Perubahan pengetahuan masyarakat, bertambahnya jumlah penghuni dan berubahnya faktor-faktor eksternal lainya (seperti faktor keamanan, geografis, dan topografis) menyebabkan perubahan terhadap fungsi dan bentuk fisik rumah adat. Hanya saja, konsep pembangunannya seperti arsitektur, tata ruang, dan polanya tetap menampilkan karakteristik tradisionalnya yang dilandasi oleh nilai-nilai filosofis yang ditransmisikan secara turun temurun.

Untuk menjaga lestarinya rumah adat mereka dari gilasan arsitektur modern, para orang tua biasanya mengatakan kepada anak-anaknya yang hendak membangun rumah dengan ungkapan: “Kalau mau tetap tinggal di sini, buatlah rumah seperti model dan bahan bangunan yang sudah ada. Kalau ingin membangun rumah permanen seperti rumah-rumah di kampung-kampung lain pada umumnya, silakan keluar dari kampung ini.” Demikianlah cara orang Sasak menjaga eksistensi rumah adat mereka, yaitu dengan cara melembagakan dan mentransmisikan pengetahuan dan nilai-nilai yang terkandung di dalamnya.

2. Peralatan, Waktu dan Pemilihan Tempat

a. Peralatan untuk Membangun Rumah

Peralatan yang harus dipersiapkan untuk membangun rumah, diantaranya adalah:

Kayu-kayu penyangga.

Bambu.

Bedek, anyaman dari bambu untuk dinding.

Jerami dan alang-alang, digunakan untuk membuat atap.

Kotaran kerbau atau kuda, sebagai bahan campuran untuk mengeraskan lantai.

Getah pohon kayu banten dan bajur.

Abu jerami, digunakan sebagai bahan campuran untuk mengeraskan lantai.

b. Waktu Pembangunan Rumah

Rumah mempunyai fungsi penting dalam kehidupan masyarakat Sasak, oleh karena itu perlu perhitungan yang cermat tentang waktu, hari, tanggal dan bulan yang baik untuk memulai pembangunannya. Untuk mencari waktu yang tepat, mereka berpedoman pada papan warige yang berasal dari Primbon Tapel Adam dan Tajul Muluq. Oleh karena tidak semua orang mempunyai kemampuan untuk menentukan hari baik, biasanya orang yang hendak membangun rumah bertanya kepada pemimpin adat.
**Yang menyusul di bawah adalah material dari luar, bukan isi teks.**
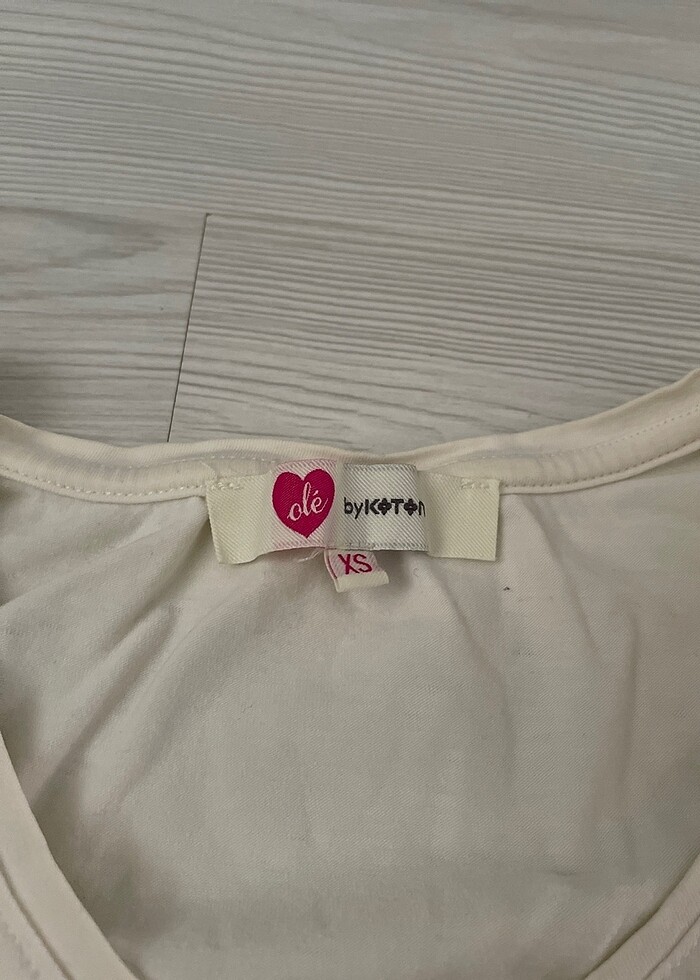 V yaka tişört - Görsel 2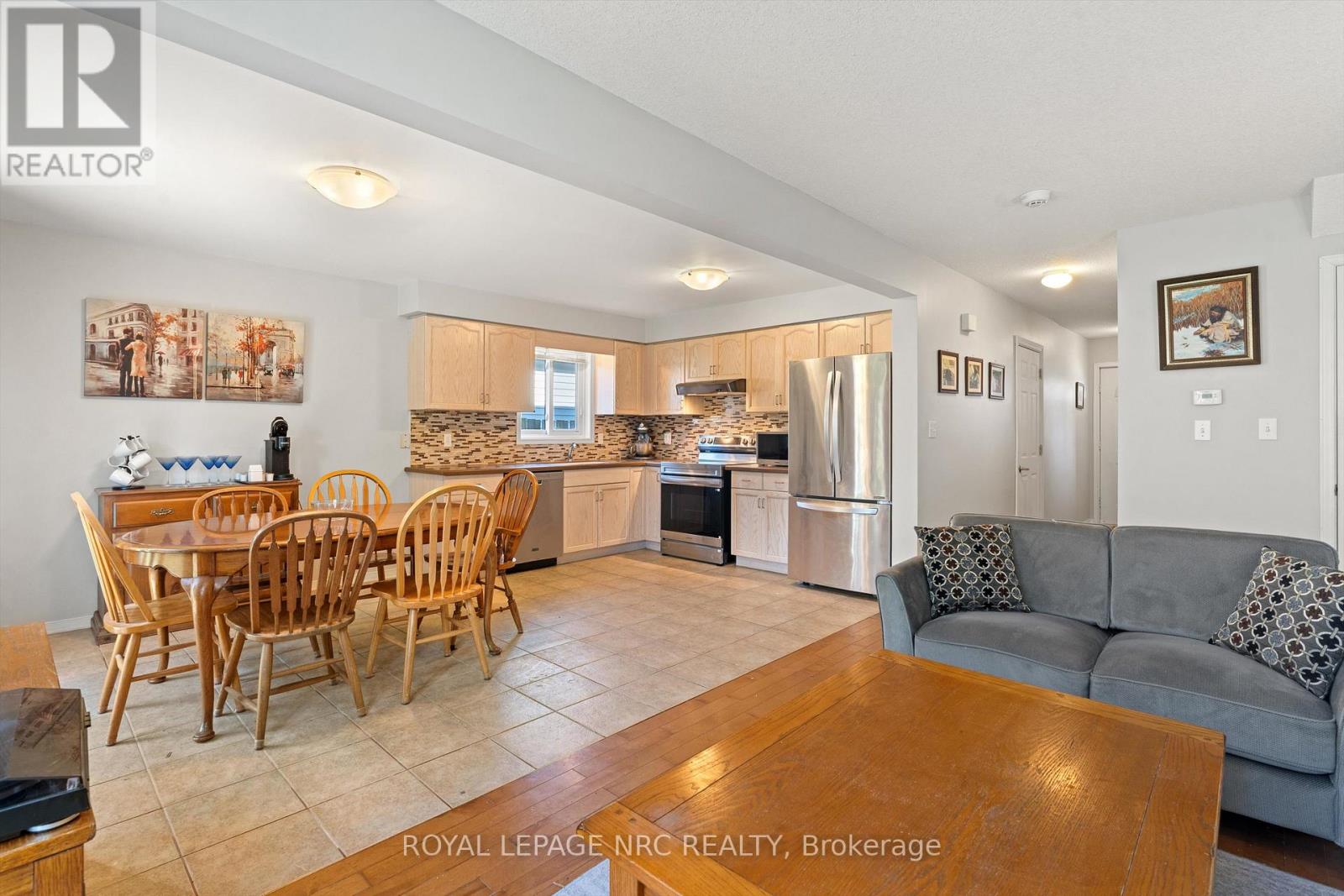 7722 YVETTE CRESCENT - 7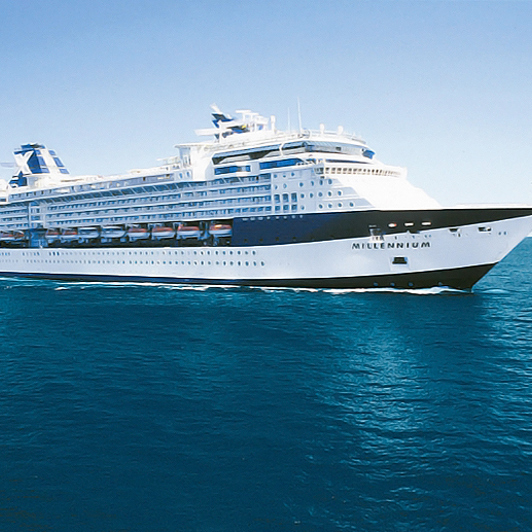 Herefter stiger vi ombord på vores flydende hjem, Celebrity Millinium.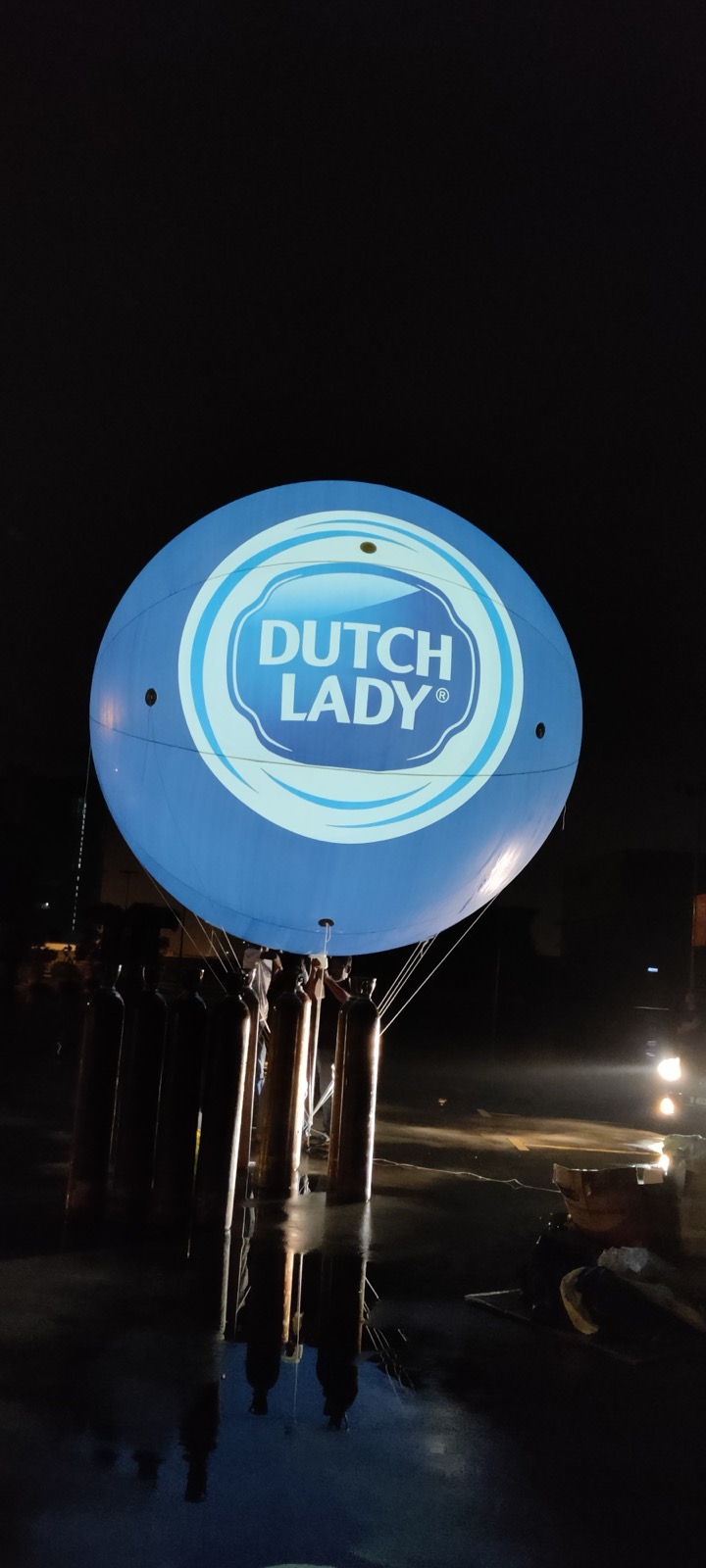 Giant Advertising Balloons — photo 15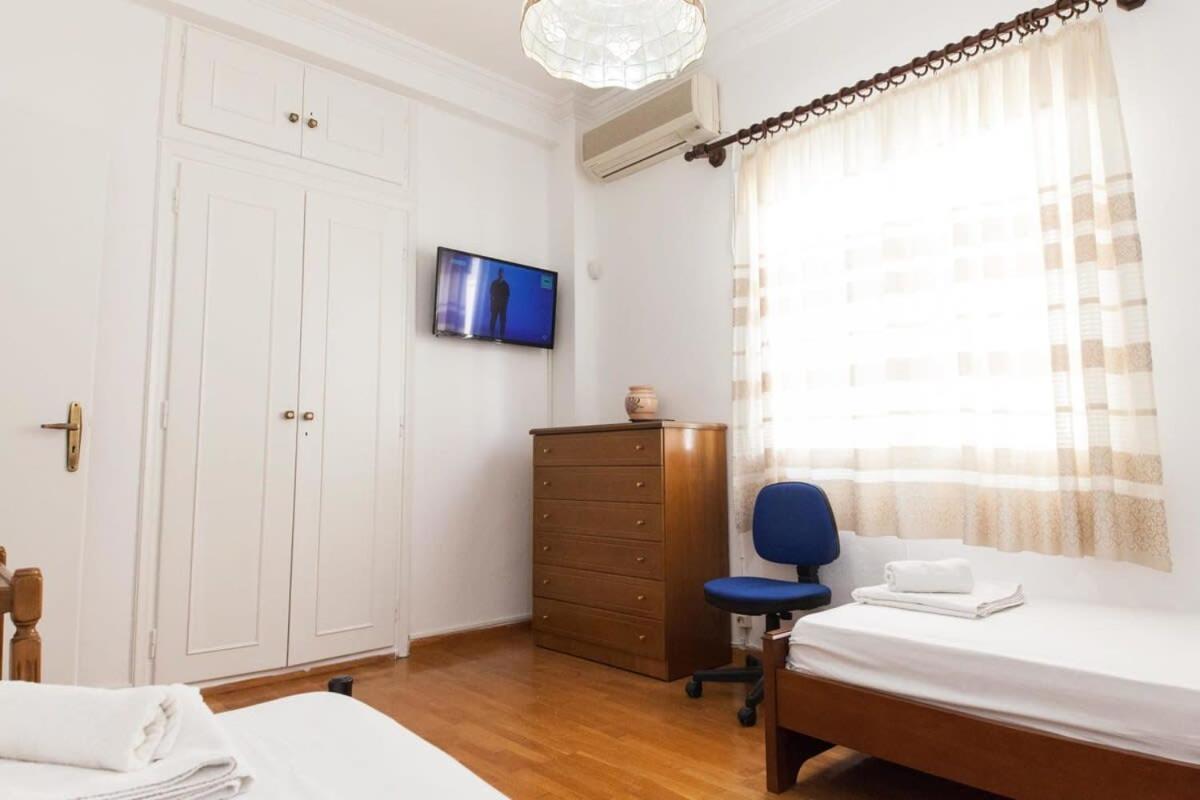 Apartment Charming Vintage 2br With Balcony In Koukaki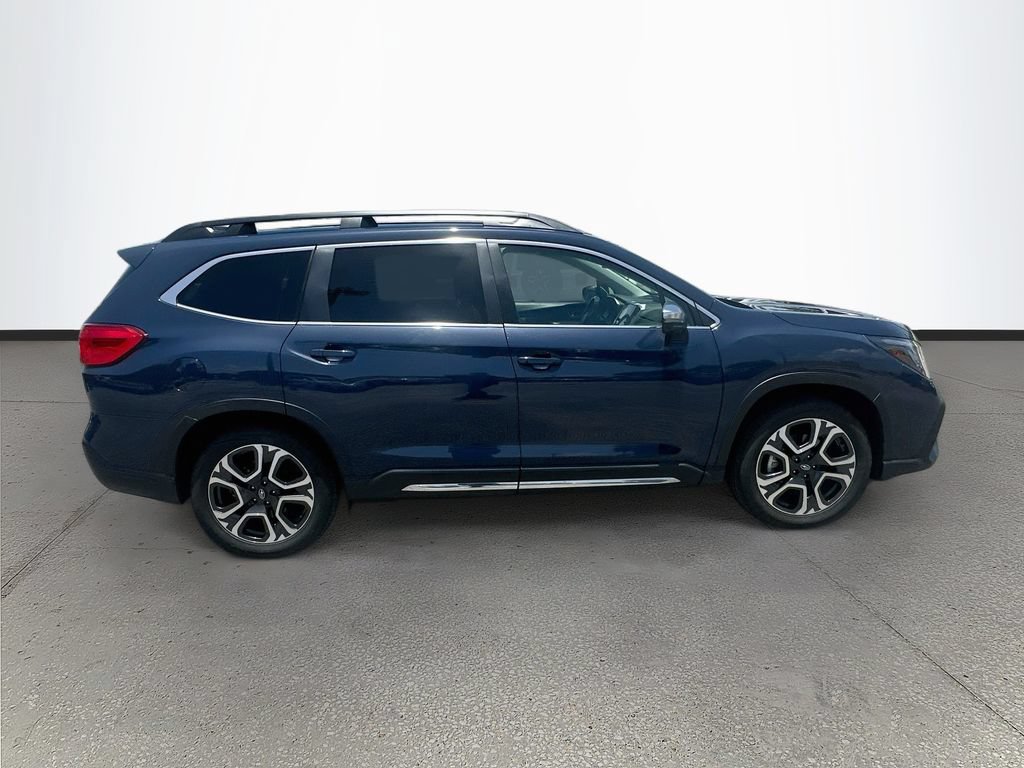 Used 2023 Subaru Ascent Limited w/ Technology Package AWD/4WD image 8
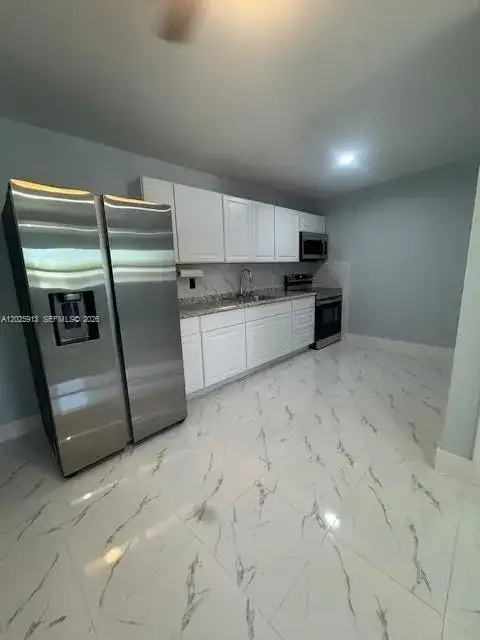 10011 SW 164th Ter # 2, Miami FL 33157 photo 3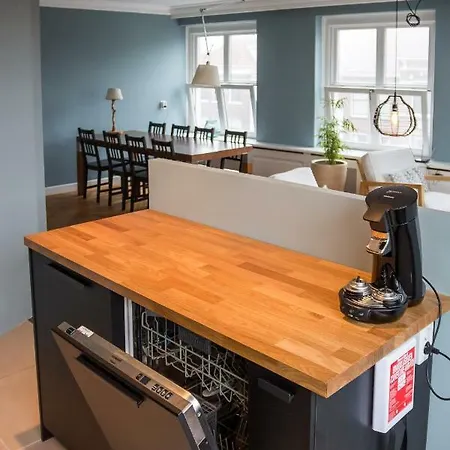Bright Canal Apartment Gouda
Orang Sasak di Lombok meyakini bahwa waktu yang baik untuk memulai membangun rumah adalah pada bulan ketiga dan bulan kedua belas penanggalan Sasak, yaitu bulan Rabiul Awal dan bulan Zulhijjah pada kalender Islam. Ada juga yang menentukan hari baik berdasarkan nama orang yang akan membangun rumah. Sedangkan bulan yang paling dihindari (pantangan) untuk membangun rumah adalah pada bulan Muharram dan bulan Ramadlan. Pada kedua bulan ini, menurut kepercayaan masyarakat setempat, rumah yang dibangun cenderung mengundang malapetaka, seperti penyakit, kebakaran, sulit rizqi, dan sebagainya.

c. Pemilihan Tempat

Selain persoalan waktu baik untuk memulai pembangunan, orang Sasak juga selektif dalam menentukan lokasi tempat pendirian rumah. Mereka meyakini bahwa lokasi yang tidak tepat dapat berakibat kurang baik kepada yang menempatinya. Misalnya, mereka tidak akan membangun tumah di atas bekas perapian, bekas tempat pembuangan sampah, bekas sumur, dan pada posisi jalan tusuk sate atau susur gubug. Selain itu, orang Sasak tidak akan membangun rumah berlawanan arah dan ukurannya berbeda dengan rumah yang lebih dahulu ada. Menurut mereka, melanggar konsep tersebut merupakan perbuatan melawan tabu (maliq-lenget).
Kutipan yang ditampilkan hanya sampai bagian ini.